Il pronunciamento, che conferma quanto in primo grado era stato deciso dal tribunale, è arrivato nella giornata di ieri. La causa era iniziata nel 2008 e si era conclusa nel 2011 con il riconoscimento del maxi risarcimento dopo che il sangue somministrato alla donna venne accertato essere infetto da epatite C.

Il Ministero si era appellato alla prescrizione del diritto al risarcimento, al buon uso del sangue da parte dei sanitari dell’ospedale di Sezze e al consenso della donna alle trasfusioni.
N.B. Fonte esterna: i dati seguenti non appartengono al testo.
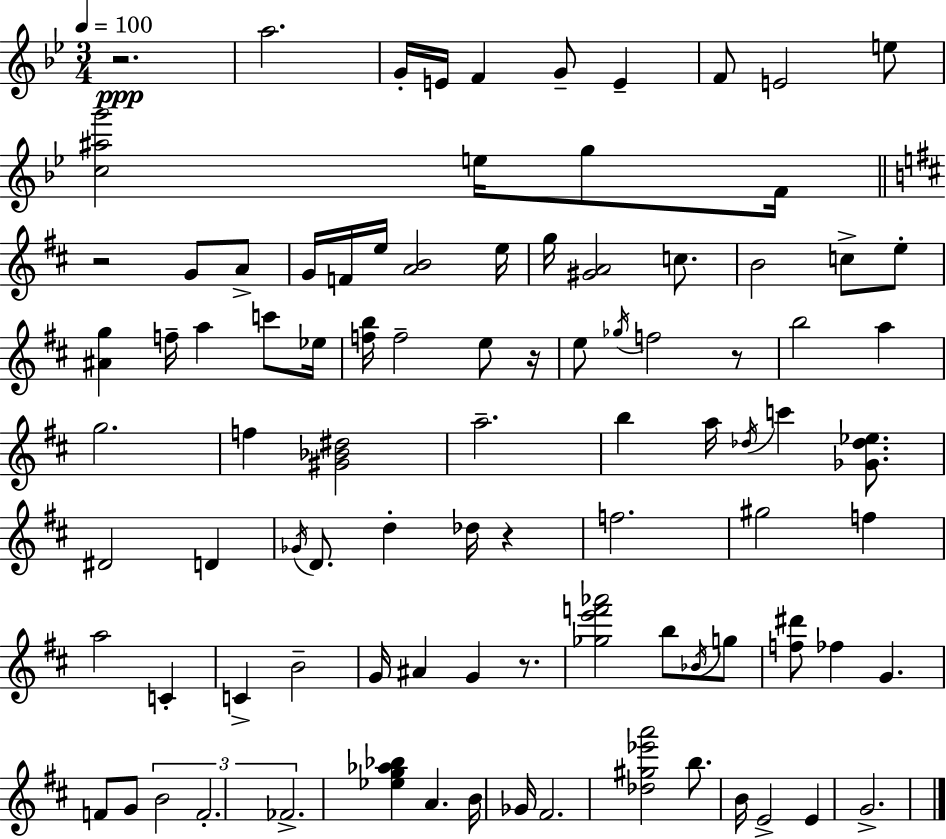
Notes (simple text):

R/h. A5/h. G4/s E4/s F4/q G4/e E4/q F4/e E4/h E5/e [C5,A#5,G6]/h E5/s G5/e F4/s R/h G4/e A4/e G4/s F4/s E5/s [A4,B4]/h E5/s G5/s [G#4,A4]/h C5/e. B4/h C5/e E5/e [A#4,G5]/q F5/s A5/q C6/e Eb5/s [F5,B5]/s F5/h E5/e R/s E5/e Gb5/s F5/h R/e B5/h A5/q G5/h. F5/q [G#4,Bb4,D#5]/h A5/h. B5/q A5/s Db5/s C6/q [Gb4,Db5,Eb5]/e. D#4/h D4/q Gb4/s D4/e. D5/q Db5/s R/q F5/h. G#5/h F5/q A5/h C4/q C4/q B4/h G4/s A#4/q G4/q R/e. [Gb5,E6,F6,Ab6]/h B5/e Bb4/s G5/e [F5,D#6]/e FES5/q G4/q. F4/e G4/e B4/h F4/h. FES4/h. [Eb5,G5,Ab5,Bb5]/q A4/q. B4/s Gb4/s F#4/h. [Db5,G#5,Eb6,A6]/h B5/e. B4/s E4/h E4/q G4/h.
“Accogliendo la difese dell'avvocato Renato Mattarelli - si legge in una nota del legale - la Corte di Appello di Roma ha invece confermato la decisione del primo grado poiché la donna di Sezze, come molti altri pazienti pontini, non avevano avuto conoscenza del contagio se non dopo decine di anni, visto che l'epatite C è una malattia che si manifesta, spesso senza sintomi, anche dopo 30 anni dal contagio.
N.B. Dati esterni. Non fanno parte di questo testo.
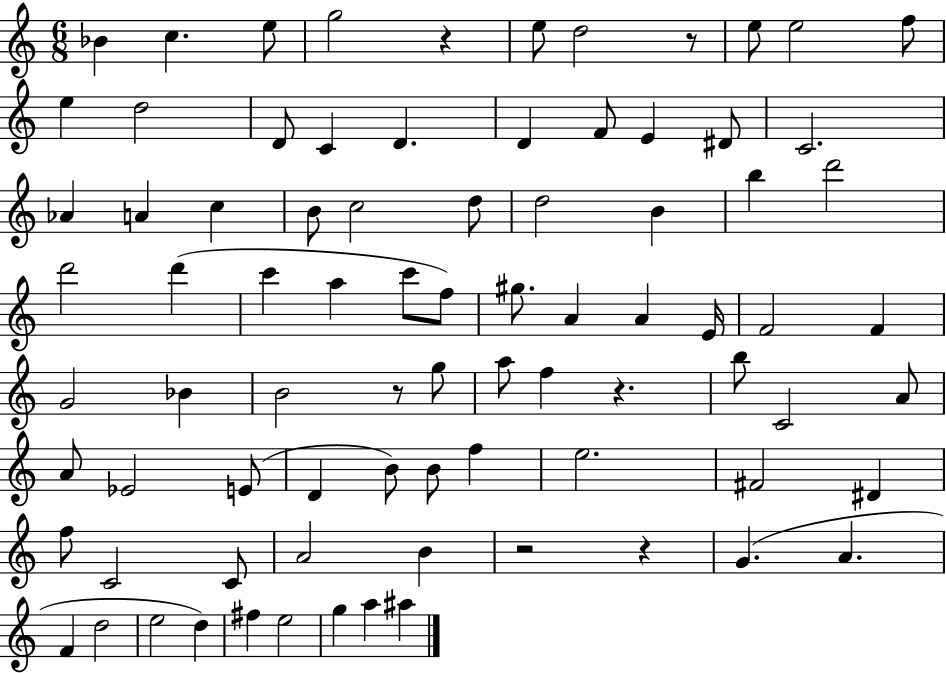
{
  \clef treble
  \numericTimeSignature
  \time 6/8
  \key c \major
  bes'4 c''4. e''8 | g''2 r4 | e''8 d''2 r8 | e''8 e''2 f''8 | \break e''4 d''2 | d'8 c'4 d'4. | d'4 f'8 e'4 dis'8 | c'2. | \break aes'4 a'4 c''4 | b'8 c''2 d''8 | d''2 b'4 | b''4 d'''2 | \break d'''2 d'''4( | c'''4 a''4 c'''8 f''8) | gis''8. a'4 a'4 e'16 | f'2 f'4 | \break g'2 bes'4 | b'2 r8 g''8 | a''8 f''4 r4. | b''8 c'2 a'8 | \break a'8 ees'2 e'8( | d'4 b'8) b'8 f''4 | e''2. | fis'2 dis'4 | \break f''8 c'2 c'8 | a'2 b'4 | r2 r4 | g'4.( a'4. | \break f'4 d''2 | e''2 d''4) | fis''4 e''2 | g''4 a''4 ais''4 | \break \bar "|."
}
La Corte di Appello, con sentenza n. 2969 dell'11 maggio 2016, ha ribadito che durante il ricovero del 1975 presso il PO di Sezze non vennero effettuati i dovuti controlli sulle sacche di sangue trasfuse alla donna e che se anche all'epoca non era stato reso obbligatorio il test di rilevamento dell'epatite C sulle donazioni di sangue (poiché inventato solo nel 1989) i sanitari del PO Sezze avrebbero potuto evitare il contagio alla donna con strumenti indiretti (termotrattamento del sangue donato per inattivazione di eventuali virus, oppure esclusione delle sacche ricevute per presenza di enzimi rilevatori di epatiti)”.     

“La sentenza che ha confermato la condanna del Ministero della Salute per la condotta dei sanitari di Sezze - spiega ancora Mattarelli - ha evidenziato che non poteva non essere noto alla comunità scientifica e medica, compresa quella dell'ospedale pontino, che a cavallo dell'epoca delle trasfusioni alla donna di Sezze del 1975, vennero pubblicati fra 1965 e il 1983 cinquantadue articoli di studi che informavano i medici dei rischi infettivi epatici delle trasfusioni di sangue.

Evidentemente, le conclusioni sono due: nel trasfondere la donna o i sanitari di Sezze hanno disatteso queste informazioni che avevano a disposizione o non le conoscevano”.